I don’t think so. Having been in a government position, I remember contract negotiations wherein the specifications of the jobs and equipment were well spelled out, by both the government entity and the business partner. That was to protect both sides of the deal. They knew what to expect. And what contingencies might arise that would imperil the project. But cost set asides were developed to protect both parties so the project had a good prospect of completion. Whose risk are we trying to inventory here?

It seems to me that business and government do a good job of protecting each other. Always have. Even in military business lines; oh Hell! Especially in military business lines. My father spent most of his career in that industry and how it worked was pretty transparent. Government and industry in those instances were very much a partnership. That means the public took on the risk. 100% of it.

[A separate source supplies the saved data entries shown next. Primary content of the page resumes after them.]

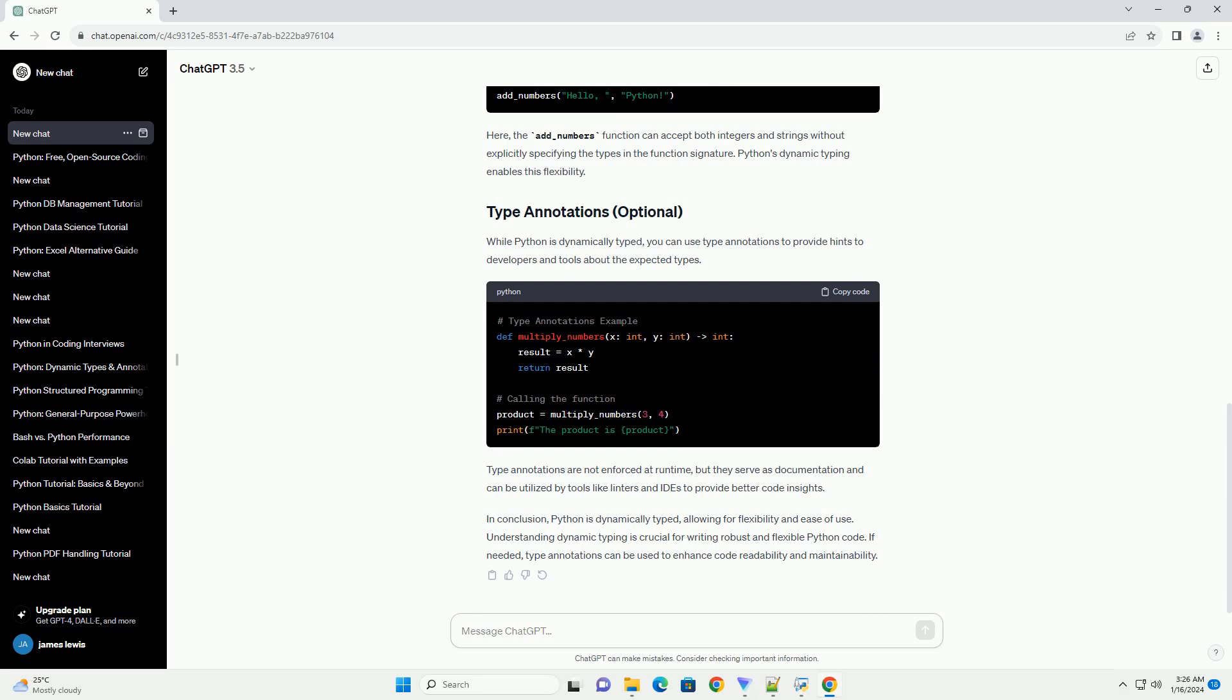Here, the add_numbers function can accept both integers and strings without explicitly specifying the types in the function's signature. Python's dynamic typing enables this flexibility.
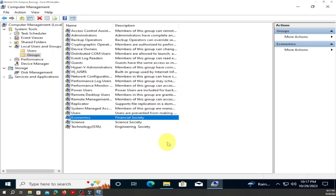This is how we create groups whether you use Windows XP, Windows 7, Windows 8, Windows 8.1, Windows 10, or Windows 11. I'm going to stop here for today. Thank you so much, take care, bye-bye.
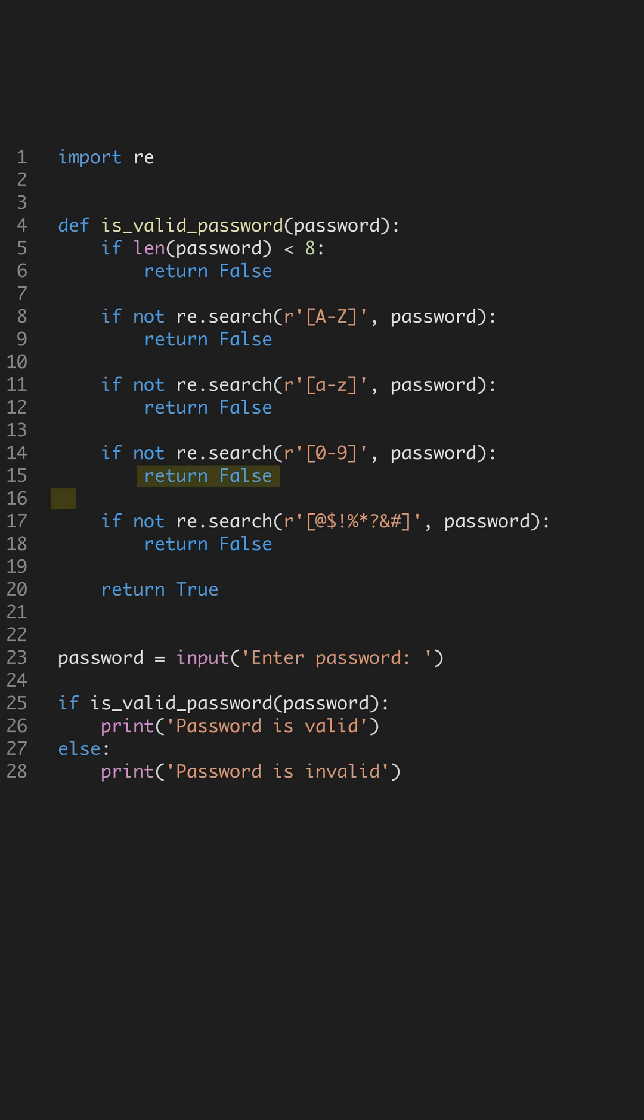Finally, we look for special characters like at or ampersand. These characters add another layer of complexity, making it even harder for attackers to guess passwords.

Education. The public takes on that risk, too. We pay for building the institutions that educate and prepare professional personnel to teach, to doctor, to lawyer, to engineer, to administer businesses, ad infinitum. You know we do. And we have the gall to ask the student to pay tuition for all of this while most of it benefits the businesses and institutions and nation at large? Oh we need to get the student to take on some of the risk of his/her decision to study what they might. But in the long run their work and risk benefits all of us.

Healthcare. This is not a private enterprise deal. Hospitals are non-profit but high revenue businesses. They pay little taxes because they serve the public good. Yet many people make enormous incomes administering the hospitals, designing and building them, staffing them and all the rest. Doctors are not impoverished although their prospects are lower today than in many a decade! The insurance companies continue to make tons of money. Finance markets continue to earn huge profits on this industry. But the risk? That’s taken on by the taxpayer. At all levels: federal, state and local. Regarding the last item, how much public expense do you really think municipalities have to eat in the name of supporting hospitals? Non profits don’t pay property taxes like the rest of us. They sometimes make goodwill donations for fire and police protection. They pay for water and sewer that is metered as a utility. But the rest of the government support is left high and dry in most cases. Research that little fact and you may be surprised!
What is my point in this posting? Simply this:

Wealth is in all of our hands whether we realize it or not. It does not accrue to private hands except in those cases where ownership rights allows such wealth to accumulate. That is right and OK; to a point. But controlling all wealth based on that tenet is not correct. We are all risk takers.
           
The late and great US Supreme Court Justice Louis D. Brandeis had this to say on this very subject:

“We can have democracy in this country, or we can have great wealth concentrated in the hands of a few, but we can’t have both.”

Justice Brandeis served on the court from 1916 to 1939 and has long been considered one of the greatest jurists of our national history. He sensed the danger in unrestricted wealth control and power. Just like President Dwight Eisenhower warned us back in the 1950’s: Beware the Military/Industrial Complex; they are wanton in their seeking of power and wealth!

In this election of 2012 please remember this as you vote. Do we want private wealthy citizens to own our government? Or large industries to lay ownership claims on our citizens. That is what is happening.

I’d much rather that you and I as voting citizens have those rights of ownership. After all, we are the risk takers in the final analysis, and we are the beneficiaries of those risks taken. In the name of all of us, do not let the few rich take what  belongs to each of us.

October 18, 2012

1 comment:

  1. What do they call it when "...business and government do a good job of protecting each other"?


    BTW referring to hospitals as "high revenue businesses" is a gross understatement.